Crosman is full of $%#% !!! Do Not lubricate the compression chamber, any serious airgunner knows this. If you don't believe me, ask on the Yellow Forum.

http://www.network54.com/Forum/79537/

Oil in the compression chamber causes combustion and dieseling in the gun. It burns seals, makes the report louder, and makes the gun to shoot inconsistently.

And yes, that Remington is made by Crosman. They just rebrand it. Just like Winchester rebrands Powerline and Daisy...


----------



## spentwings

I'll admit to lubing the compression chamber with a made for product.
Even RWS recommends lubing the air chamber...sparingly of course and with their product. :-? 
http://www.air-rifle.net/rws_mainten/rw ... nance.html


----------



## Ambush Hunter

That site has nothing to do with RWS company.

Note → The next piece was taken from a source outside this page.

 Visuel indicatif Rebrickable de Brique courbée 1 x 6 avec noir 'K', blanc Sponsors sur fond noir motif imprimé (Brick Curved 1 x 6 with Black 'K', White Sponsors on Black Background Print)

Do not lube the compression chamber. You can lube a *spring very sparingly* every 2,000 shots or so. Tiny particles of this lubricant will get distributed in the chamber and on seals. But as far as taking the whole thing apart and lubricate the chamber inside out, the answer is no. Beeman clearly says that lubrication of a compression chamber should only be done initially at the factory. It requires no lubrication afterwards for a proper performance. Besides, what a rifle already has is enough for *thousands* of shots.


----------



## Ambush Hunter

Forgot to say that some instructions to oil the chamber and spring date back to the days when springers had leather piston seals, rather than self-lubing synthetic ones of today, but the manuals were never updated. I guess they figure people don't read manuals. So, once again, don't lube the compression chamber. It causes spring fatique that breaks springs, and seal failures... another forum "buddy" of mine told me the same thing.

AH.


----------



## spentwings

You've convinced me.


----------